Downloads and returns a dataset with an expanded set of oncology-relevant phenotype terms (UMLS), using OncoTree as a starting point. The expansion has been conducted by tracking the MeSH/UMLS tree structure with phenotype terms. Each record comes with cross-references to Disease Ontology (DO), Experimental Factor Ontology (EFO), and ICD10 wherever available. The dataset comes as a list object, with two elements:

  • metadata - a data frame with metadata regarding annotation resources used

  • records - a data frame with phenotype terms

Usage

get_terms(
  cache_dir = NA,
  force_download = FALSE,
  site = NA,
  ignore_minor_type = FALSE
)

Arguments

cache_dir

Local directory for data download

force_download

Logical indicating if local cache should be overwritten (set to TRUE to re-download if file exists in cache)

site

limit phenotype terms to those relevant for a given primary tumor type/site.
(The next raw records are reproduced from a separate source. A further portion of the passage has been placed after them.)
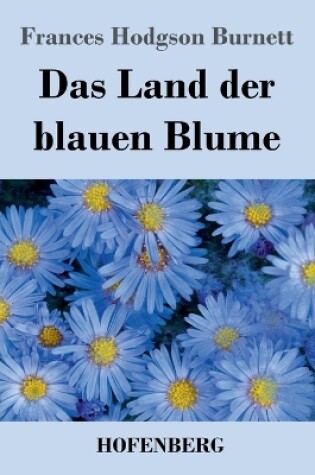 Cover of Das Land der blauen Blume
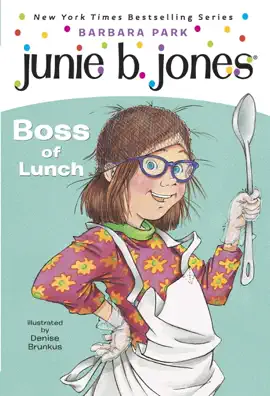 Read: Junie B. Jones #19:  Boss of Lunch Book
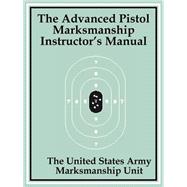 The Advanced Pistol Marksmanship Instructor's Manual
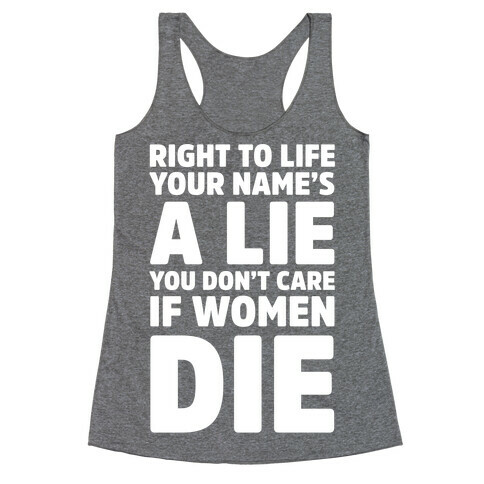 Right To Life Your Name's A Lie You Don't Care If Women Die Racerback Tank Top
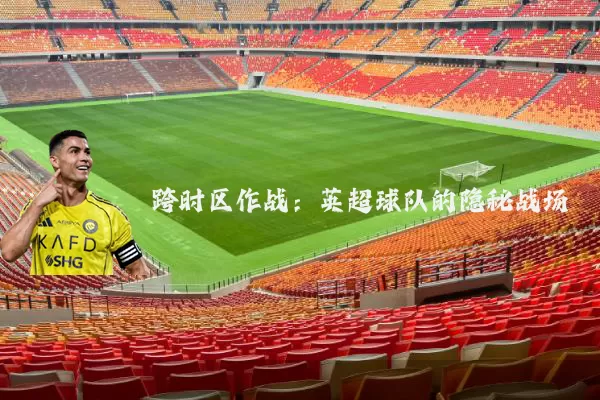跨时区作战:英超球队的隐秘战场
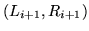 $\displaystyle (L_{i+1},R_{i+1})$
Possible values: 'Adrenal Gland', 'Ampulla of Vater', 'Biliary Tract', 'Bladder/Urinary Tract', 'Bone', 'Breast', 'Cervix', 'CNS/Brain', 'Colon/Rectum', 'Esophagus/Stomach', 'Eye', 'Head and Neck', 'Kidney', 'Liver', 'Lung', 'Lymphoid', 'Myeloid', 'Other/Unknown', 'Ovary/Fallopian Tube', 'Pancreas', 'Penis', 'Peripheral Nervous System', 'Peritoneum', 'Pleura', 'Prostate', 'Skin', 'Soft Tissue', 'Testis', 'Thymus', 'Thyroid', 'Uterus', 'Vulva/Vagina'

ignore_minor_type

logical indicating if minor tumor types should be excluded or not

Value

metadata - A data frame with 5 rows and 6 columns:

  • source - gene annotation source

  • annotation_data - type of annotations used

  • url - URL of annotation resource

  • citation - publication to cite for annotation source (citation; PMID)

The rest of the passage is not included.